May 10, 2018

Armenians should grasp their chance to transform their homeland

Tap into the diaspora to fulfil revolutionary promises and build long-term prosperity

Ruben Vardanyan’s opinion in Financial Times

These past few weeks have brought unprecedented worldwide attention to Armenia, a landlocked former Soviet republic in the South Caucasus. Frustrated by an unfair society and an inefficient economic model, tens of thousands of citizens took to the streets to peacefully protest for a better and more democratic future.

After nationwide strikes, prime minister and former president Serzh Sargsyan capitulated to the overwhelming voice of the Armenian people by resigning unconditionally. To his credit, he ceded control after 10 years in office without bloodshed or civil unrest.

On Tuesday, Nikol Pashinyan, the opposition politician who led this “velvet” revolution, was declared prime minister after a decisive vote in parliament. This closed a long, difficult chapter and opens a new one filled with opportunity and uncertainty. Armenia can become a beacon for other nations if it successfully transforms its government while remaining peaceful and abiding by its new constitution.

This is a watershed moment for Armenia. A quarter century after gaining its independence, the young republic remains vulnerable, as does the state of the Armenian identity globally. We have a rare and unexpected opportunity to transform our country into a vibrant, modern, secure, peaceful and progressive homeland for a global nation.

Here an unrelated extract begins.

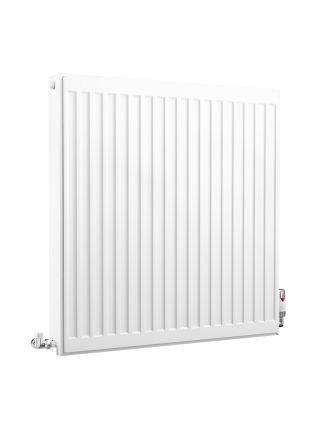 Compact Double Panel Double Convector | Type 22 | K2 - 750 mm x 700 mm - White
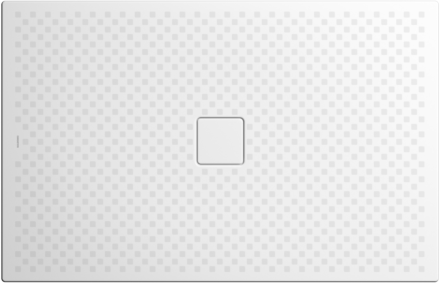 Kaldewei Conoflat 789-1 Duschfläche 465930023001 100 x 120 cm, weiss Perl Effekt, Vollantislip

It’s important to note that this was not the victory of one man, but rather of an entire nation and particularly of our youth. I remember, as a young man, I was also frustrated by the status quo and took part in similar mass protests 30 years ago. The changes that did come fell short of expectations. This time must be different.

The disaffected youth must be heard so that they agree to remain in Armenia and contribute to the success of the nation. If euphoria turns into disappointment yet again, we could witness the emigration of the entire next generation. Our small and fragile economy could not withstand a further brain drain.

Moreover, those who have taken to the streets in celebration must be realistic. Armenia’s problems won’t be solved overnight. No one should believe those who promise to rapidly attract billions of dollars of investment. Instead, we have to increase our competitiveness as a country to thrive within the global economy.

There is no doubt Armenia presents an attractive investment opportunity: its rapid growth in the early part of the 2000s led the World Bank to call it the Caucasian tiger. Armenia’s people are innovative and creative; it is the perfect bridge between the EU, Iran and the Eurasian Economic Union of Belarus, Kazakhstan and Russia, and we have the unique expertise and resources of a global network of emigrants.

As a proud member of that diaspora, I have been seeking to foster systemic change in Armenia on behalf of the new generation for many years. That is why, together with my Armenian-American partner Noubar Afeyan, I co-founded the Armenia 2020 initiative to draw on global knowledge and create scenarios through which the country could achieve a vibrant future.

Economic development will require a long-term strategy that helps rebalance the economy toward resilient, inclusive and environmentally sustainable growth.

It is abundantly clear what Armenia’s new prime minister must do.

First, Mr Pashinyan must harness the skills and enthusiasm of Armenians across the globe, and encourage them to contribute to accelerating Armenia’s growth. Less than one-third of the world’s 11m Armenians lives in the country. Now is the ideal time for our homeland to tap its émigrés and ask for their help in building long-term prosperity.

Second, he must faithfully carry out the mandate he has been given. Armenian citizens want a vibrant, affluent country committed to justice, freedom and equal opportunity. Our people do not want one oligarchy to replace another. The new government needs to be qualitatively different from the previous ones.

Next month hundreds of humanitarian leaders will meet in the Armenian capital of Yerevan as my organisation awards its annual Aurora prize, which honours those who came to the aid of our ancestors during the Armenian genocide in the early 20th century.

I hope that this year’s ceremony will coincide with the dawn of a new era where Armenian citizens and diaspora alike can be proud of their ever-transforming nation.